The auditor’s responsibilities
The different accounting approaches may pose a challenge for auditors, so efforts are under way to establish consistency across global auditing practices. Accountancy bodies (such as the American Institute of Certified Public Accountants and the Center for Audit Quality) have launched working groups focused specifically on handling emerging technologies, including digital assets. While there are still obstacles to overcome before procedures and approaches are fully aligned, these are promising steps forward and, over time, we can hope to see gradual convergence.
The auditor’s first responsibility is to evaluate the actual blockchain protocol that is used. At EY, for instance, the blockchain assurance team works to understand the nature of the digital assets and their underlying protocols, since this is critical to the auditor in assessing evidence from the blockchain.
To add further complexity, the definition and assessment of risks can vary depending on the specific digital asset in question, or the way in which the client transacts. This means there can be a wide range of influences on the risk spectrum.

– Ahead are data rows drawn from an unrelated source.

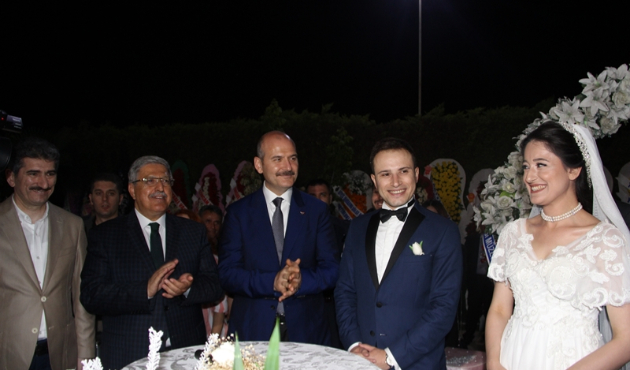 Bakan Süleyman Soylu nikah şahidi oldu...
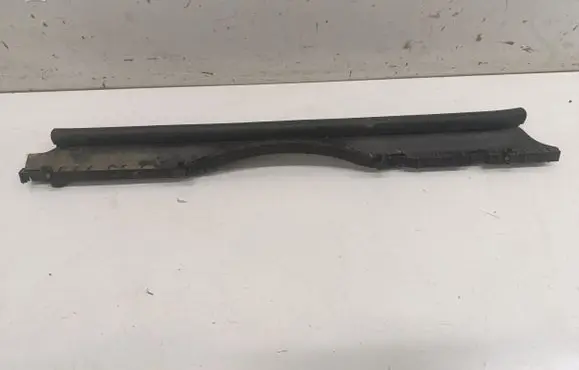 Mercedes-Benz SLK R172 Fender end trim A1728800097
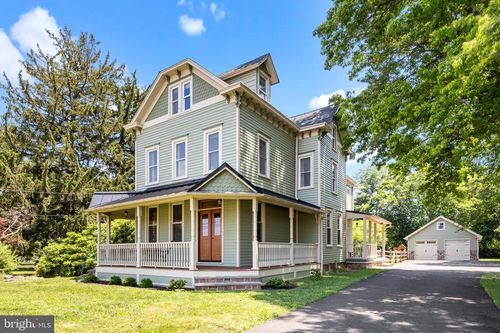 886 Mirror Lake Rd, YARDLEY, PA, 19067-5503 | Card Image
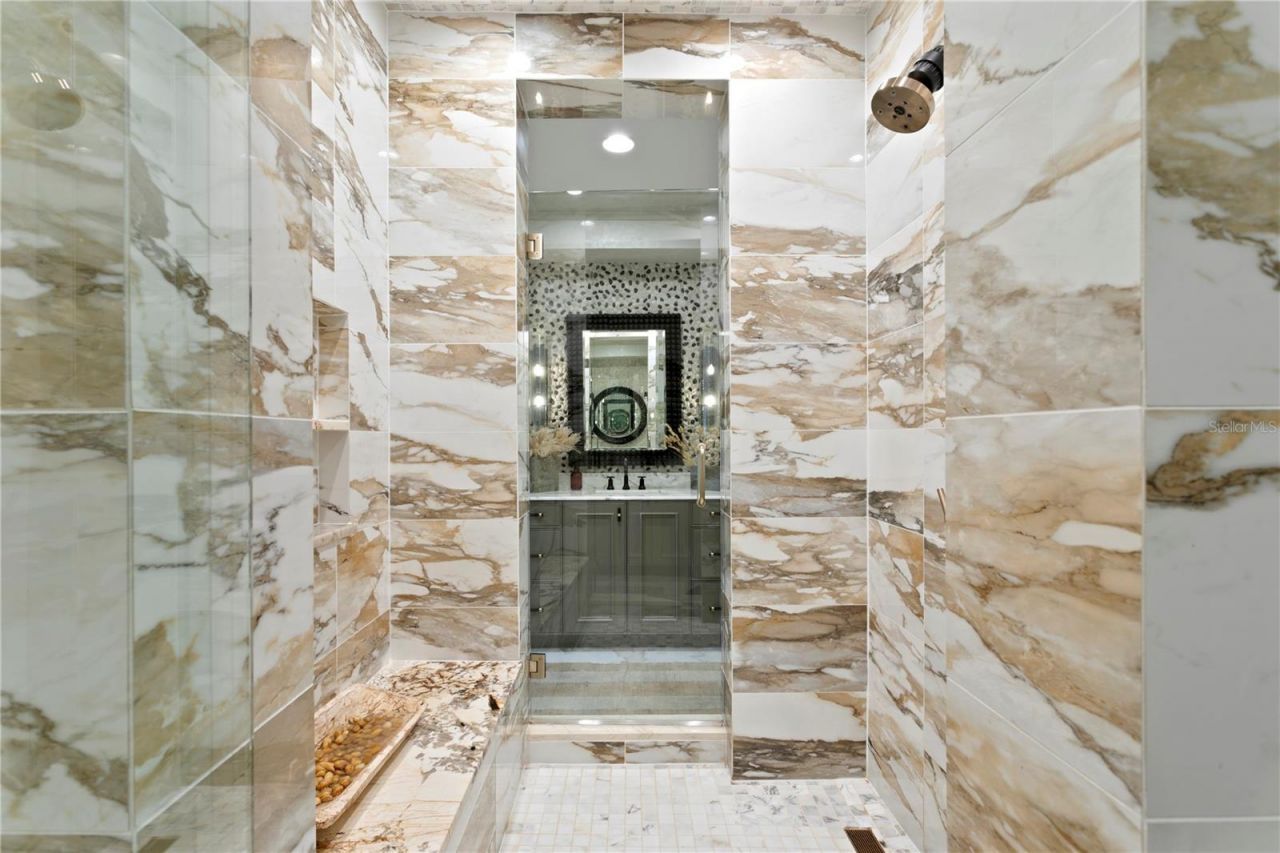 4518 W Rosemere Road, Tampa, FL 33609 Photo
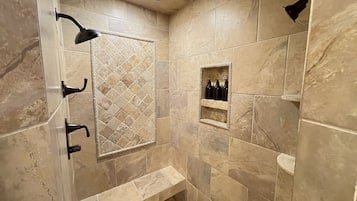 Combinazione doccia/vasca, vasca idromassaggio, asciugacapelli, bidet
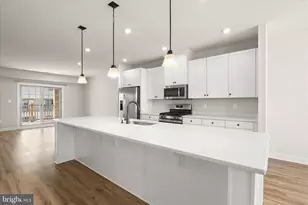 10123 Fauberg St, Ijamsville, MD 21754 - Photo 2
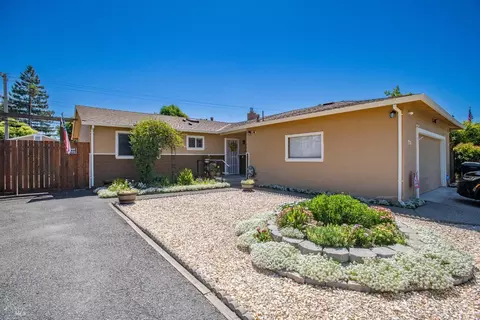 7118 Adrian Dr, Rohnert Park, CA 94928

For instance, more mature digital assets typically have a higher number of interested parties (e.g., holders, developers, miners). Similarly, digital assets that are pegged to other economic claims (e.g., gold-backed cryptocurrency or the stablecoin propositions mentioned earlier) might present different risks than those without such intrinsic value such as utility tokens and native digital assets such as Bitcoin. Asset-backed tokens may even present additional complexity, since their smart contract functionality would have to be considered as well. The position of any particular digital asset on the risk spectrum depends on a number of factors. Is the blockchain widely used? Is it open source? How many developers use it?
Auditors also must consider whether transactions are manually initiated or executed automatically via a smart contract. If automatic, there are risks of unauthorized or incorrect transactions associated with software flaws, hacking and reliance on potentially inaccurate information provided to the blockchain by third-party data feed services (known as oracles).
These challenges are further complicated by the fact that it is more difficult for the auditor to verify the existence of digital assets than traditional assets.
Regulators and standard setters
Most governments recognize that introducing regulations to help monitor digital assets will offer greater protection to investors and businesses, but consistent regulation across jurisdictions does not yet exist. Two examples illustrate how polarized approaches can be: Luxembourg has gone to some lengths to encourage the use of digital assets by introducing the first nationally licensed bitcoin exchange; in India, on the other hand, an inter-ministerial committee is proposing to criminalize dealing in private cryptocurrencies.
Similarly, while the International Accounting Standards Board has not put digital assets on its standard-setting agenda at this stage, it is, along with other standard setters, continuing to monitor the development of digital assets and their significance for the International Financial Reporting Standards.